The vehicle/carrier 22 disclosed in U.S. Pat. No. 6,003,598 possessed stabilizers 32 at each corner, incorporating a vertically extendible hydraulic jack or lifter 34 for engaging the ground 21, to level the rig as desired during operation, thereby removing some or all of the rig's weight from the front and/or rear axles 26,28. A platform 47 was further provided, movable from a retracted position to an operable position by a fastline winch 49 situate proximate the crown of the derrick 40. Notably, platform 47 was permanently affixed to the derrick 40 (ref. FIG. 5) at a fixed height, and travelled with the vehicle 22.
Importantly, vehicle 22 of U.S. Pat. No. 6,0003,598 was adapted for injecting continuous tubing (CT). As such, it possessed a large removable reel 82, part of a cartridge assembly 80, on which CT was wound. An injector 70, slidable on the derrick 40 by means of winch 46, was provided, for injecting the continuous tubing in the well, was also necessary.
While U.S. Pat. No. 6,003,598 discloses that it may be used for manipulating joined pipe (as opposed to CT) if need be, and indeed discloses winch 46 for such purpose, disadvantageously vehicle 22 of U.S. Pat.

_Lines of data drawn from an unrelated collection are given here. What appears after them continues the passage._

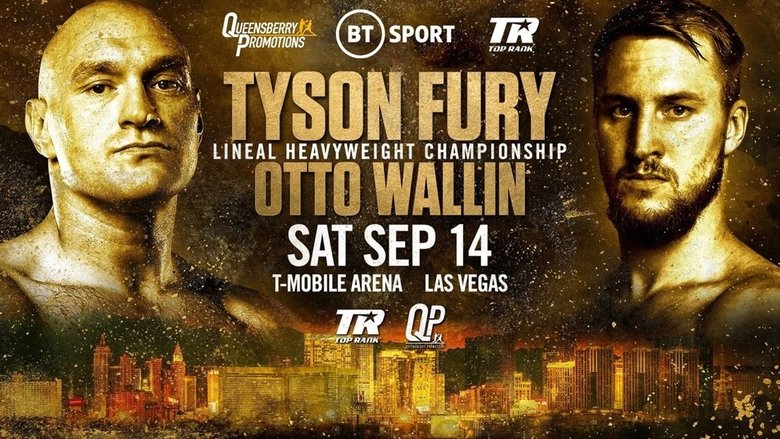 Backdrop image for movie Tyson Fury vs. Otto Wallin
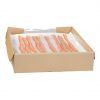 Bacon, fully cooked 26-28 tr/2 po.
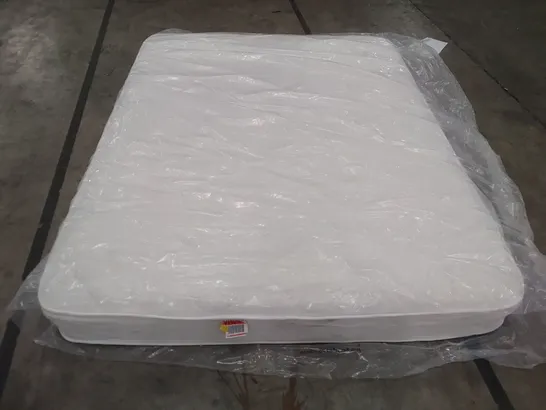 BAGGED MEMORY FOAM OPEN COIL 5FT MATTRESS 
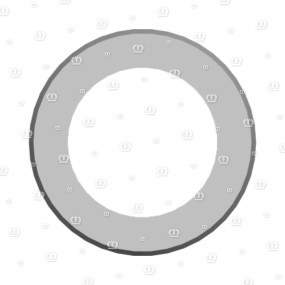 Distanzhülse 16,50 X 25 X 26 Krone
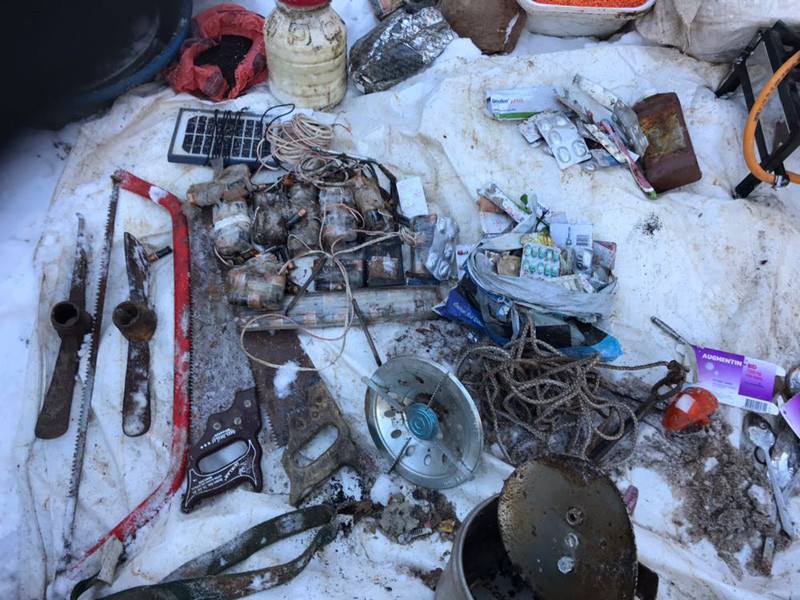 Bitlis'te PKK sığınağından çıkan cihaz şaşırttı - Resim: 2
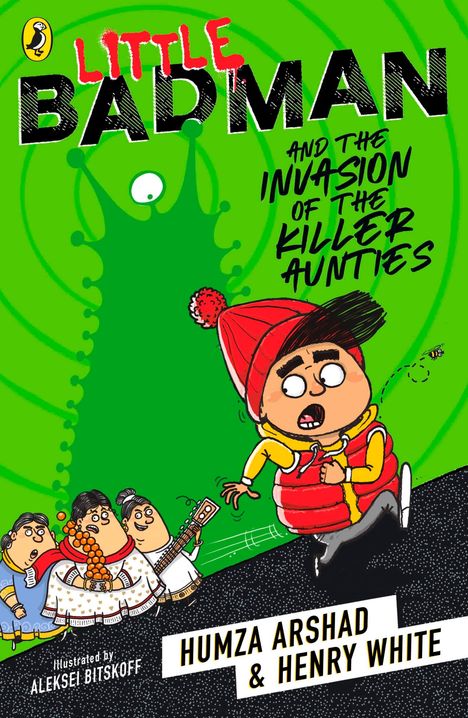 Henry White: Little Badman and the Invasion of the Killer Aunties, Buch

No. 6,003,598 clearly is poorly suited to insertion of jointed pipe. In particular, such vehicle 22 for effective use in inserted jointed (as opposed to continuous pipe) required another service vehicle having power tongs to mechanically join pipe segments together, as it clearly lacked any such equipment. In particular, for shallower wells, where jointed pipe instead of CT is typically used, to carry out manipulation of jointed pipe would require disengagement of winch 46 with injector 70, as injector 70 was not needed, in order to allow derrick-mounted winch 46 to handle jointed pipe. However, all that winch 46 of U.S. Pat. No. 6,003,598 can do is raise and lower jointed tubing—no power mechanism other than winch 46 is disclosed in U.S. Pat. No. 6,003,598 to handle jointed pipe, nor could the derrick 40, due to the provision of slidable injector 70 on derrick 40, be adapted to provide such power tongs, as they would plainly interfere with the injector 70. Particularly, while U.S. Pat. No. 6,003,598 discloses that such carrier/vehicle 22 may also be used to insert jointed pipe into a well, derrick 40 with its sliding injector 70 clearly lacked the ability to provide upwardly and downwardly moveable power tools to allow power manipulation of jointed pipe, as the injector 70 would necessarily Interfere with such devices. At least one other service vehicle would be necessary to provide such capability.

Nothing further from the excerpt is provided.